The steps that Claude 3.5 Haiku used to solve a simple mathematics problem were not what anthropic – and these are the steps that Claude was saying either.

Anthropic

This is clear proof that the models of large languages ​​will give reasons for what they do which do not necessarily reflect what they have done. But that is true for people too, says Batson: “You ask someone:” Why did you do this? “And they say to themselves: ‘Hmm, I suppose it is because I was ….’ ‘you know, maybe not.

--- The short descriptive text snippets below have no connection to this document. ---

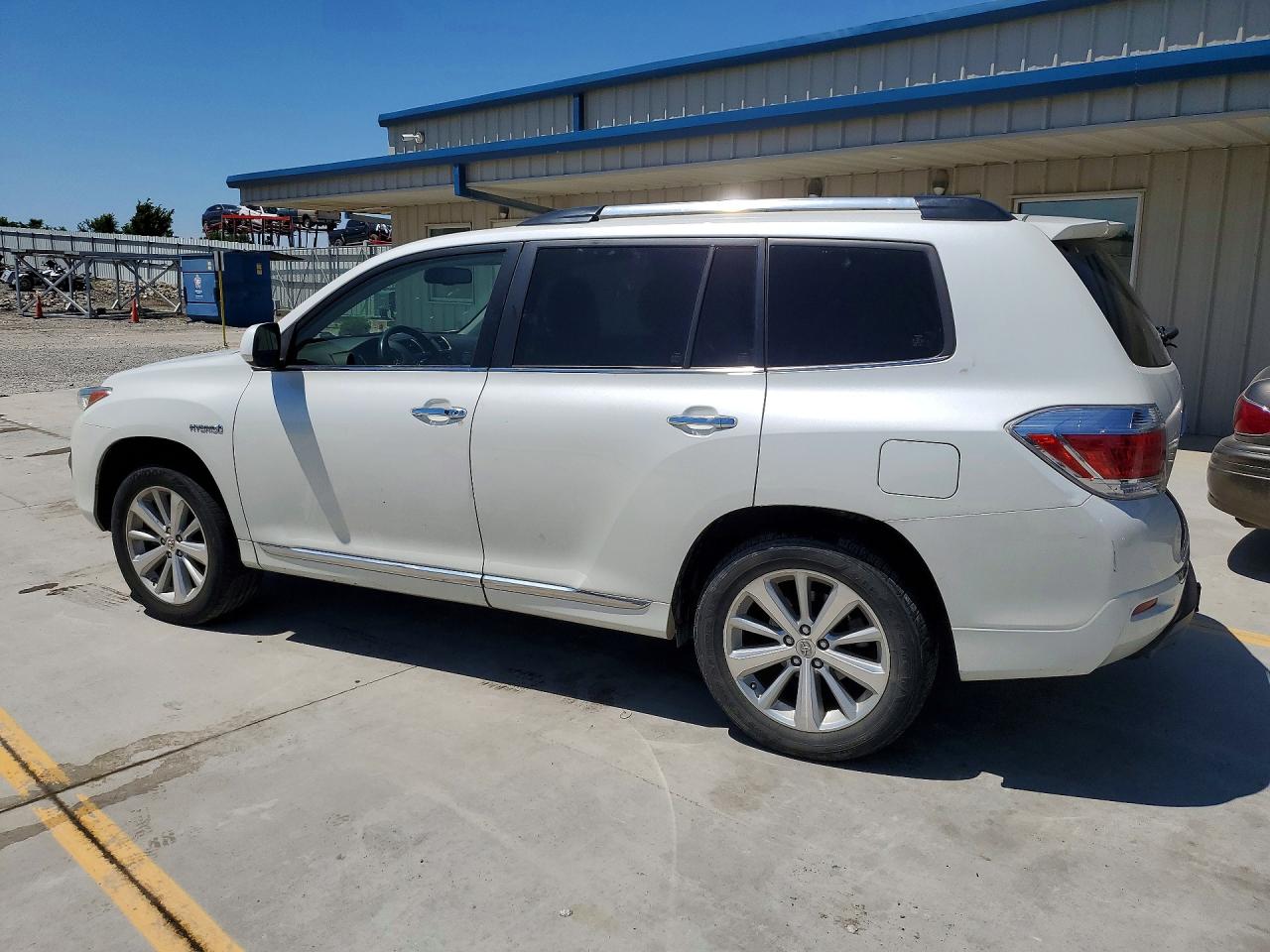 Toyota Highlander Hybrid Limited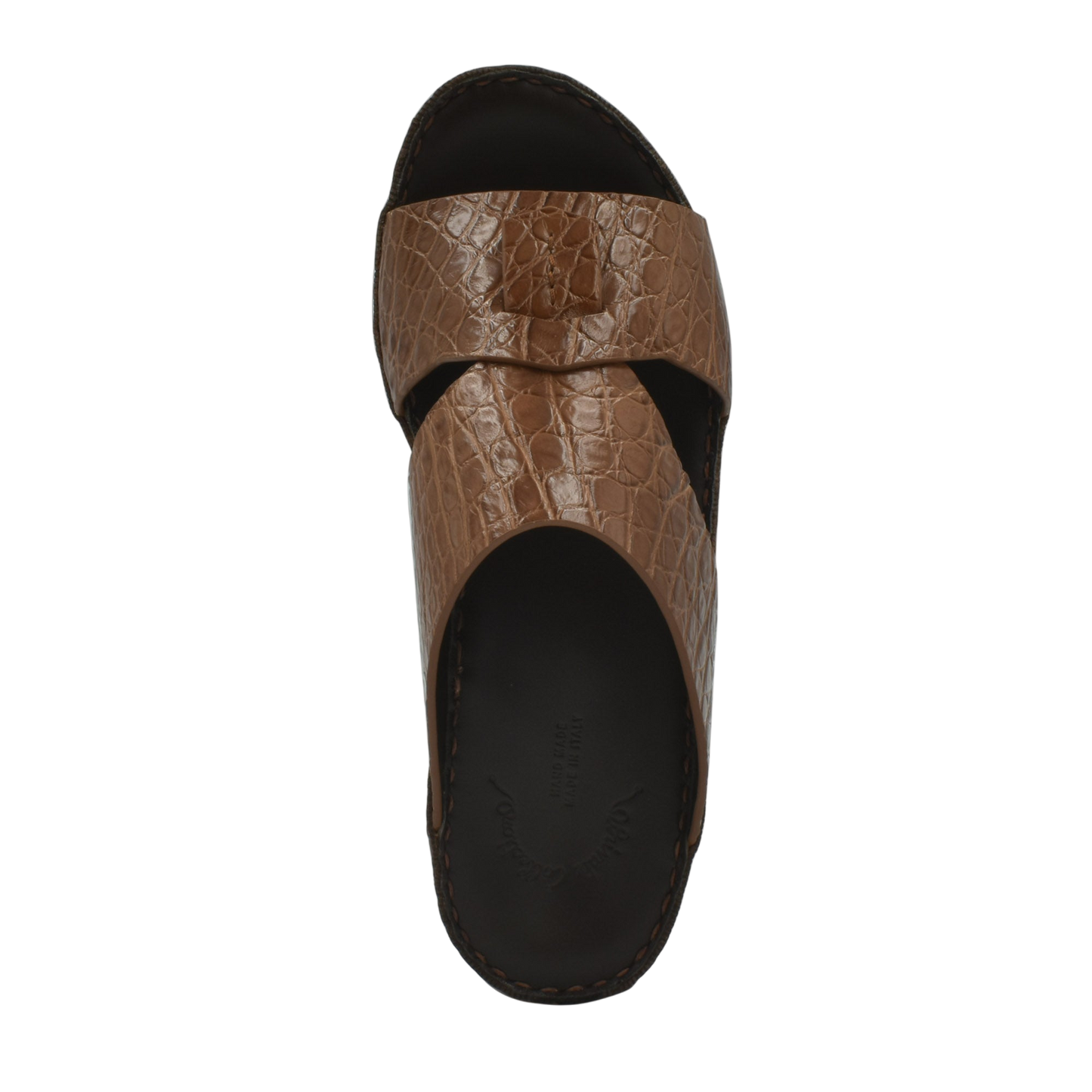 Piega Cucire Crocodile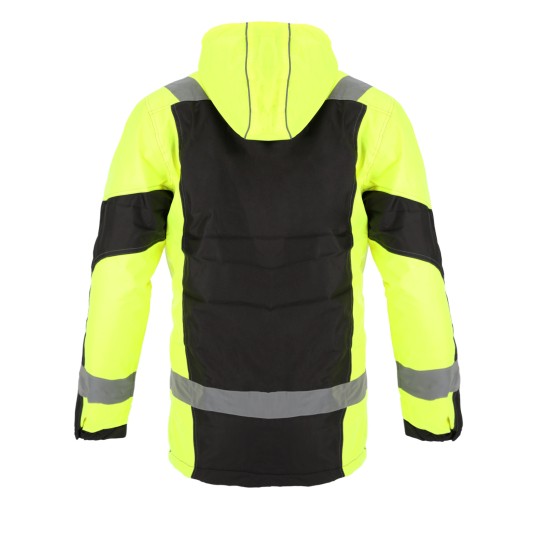 KURTKA OCIEPLANA GRAVITY LONG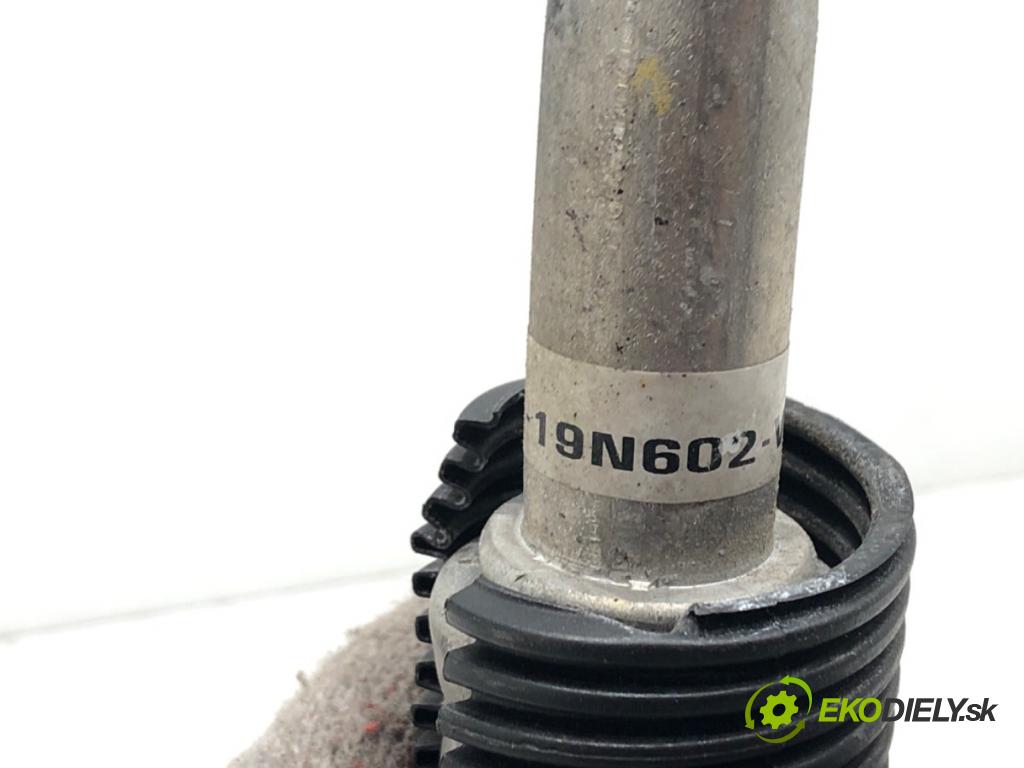 FORD MONDEO V sedan (CD) 2012 - 2022    2.0 Hybrid 103 kW [140 KM] Hybryda silnik benzynowy / elektryczny 2014 - 2022  rúrka klimatizácie DG9H-19N602-VB (Rúrky klimatizácie)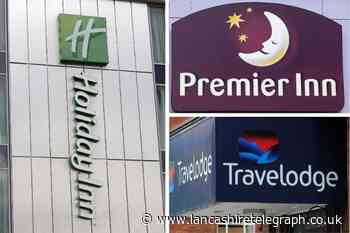 Premier Inn, Travelodge and Holiday Inn give update on bookings ahead of lockdown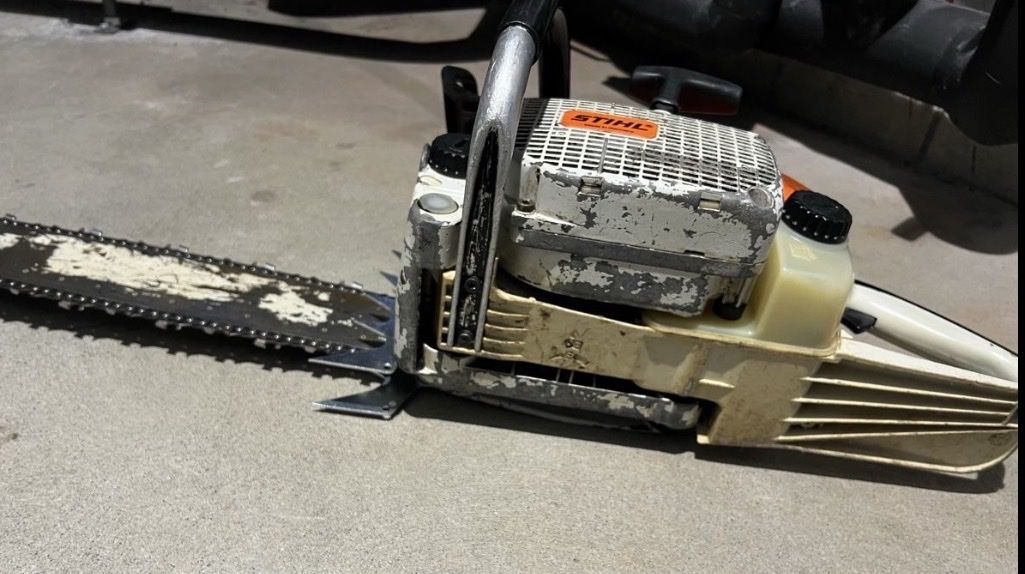 Stihl Scies: STIHL 066 – D'occasion à Rothenburg par moni44 4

Biran thinks that this observation is particularly interesting. Many researchers study the behavior of models of large languages ​​by asking them to explain their actions. But that could be a risky approach, he said: “While the models continue to become stronger, they must be equipped with better railings. I believe – and this work also shows – which is based only on the results of the model is not enough. ”

A third task that Anthropic studied was to write poems. The researchers wanted to know if the model really did it only, predicting a word at a time. Instead, they found that Claude looked in a way towards the future, choosing the word at the end of the next line several words in advance.

For example, when Claude received the prompt “a verse of rhymes: he saw a carrot and had to catch it,” replied the model: “His hunger was like a hungry rabbit.” But using their microscope, they saw that Claude had already struck the word “rabbit” when he treated “grasp”. He then seemed to write the next line with this end already in place.

Share. Facebook Twitter Pinterest LinkedIn Tumblr Email
Previous ArticleWhy young voters ignore traditional politics
Next Article Ahs says that the CEO licensed has kept confidential emails, looking for injunction

Related Posts

How is the Exception of Life; How technology has an impact on having a baby: NPR

May 24, 2025

The Indian IT giant investigates the M&S cyber-attack link

May 24, 2025

The spectacle of the arts, culture and architecture of San Jose extends beyond technology

May 24, 2025
Add A Comment
Leave A Reply Cancel Reply

We Are Social
  • Facebook
  • Twitter
  • Instagram
  • YouTube
News
  • Business (1,637)
  • Entertainment (1,649)
  • Global News (1,769)
  • Health (1,585)
  • Lifestyle (1,563)
  • Politics (1,457)
  • Science (1,561)
  • Sports (1,604)
  • Technology (1,585)
Latest

The liberals promised a series of crime measures. Here is what they take – national

How is the Exception of Life; How technology has an impact on having a baby: NPR

Hochul launches the vision of $ 400 million in investment in Albany

Featured

The liberals promised a series of crime measures. Here is what they take – national

How is the Exception of Life; How technology has an impact on having a baby: NPR

Hochul launches the vision of $ 400 million in investment in Albany

We Are Social
  • Facebook
  • Twitter
  • Instagram
  • YouTube
News
  • Business (1,637)
  • Entertainment (1,649)
  • Global News (1,769)
  • Health (1,585)
  • Lifestyle (1,563)
  • Politics (1,457)
  • Science (1,561)
  • Sports (1,604)
  • Technology (1,585)
© 2025 Designed by timesmoguls
  • Home
  • About us
  • Contact us
  • Disclaimer
  • Privacy policy
  • Terms and services

Type above and press Enter to search. Press Esc to cancel.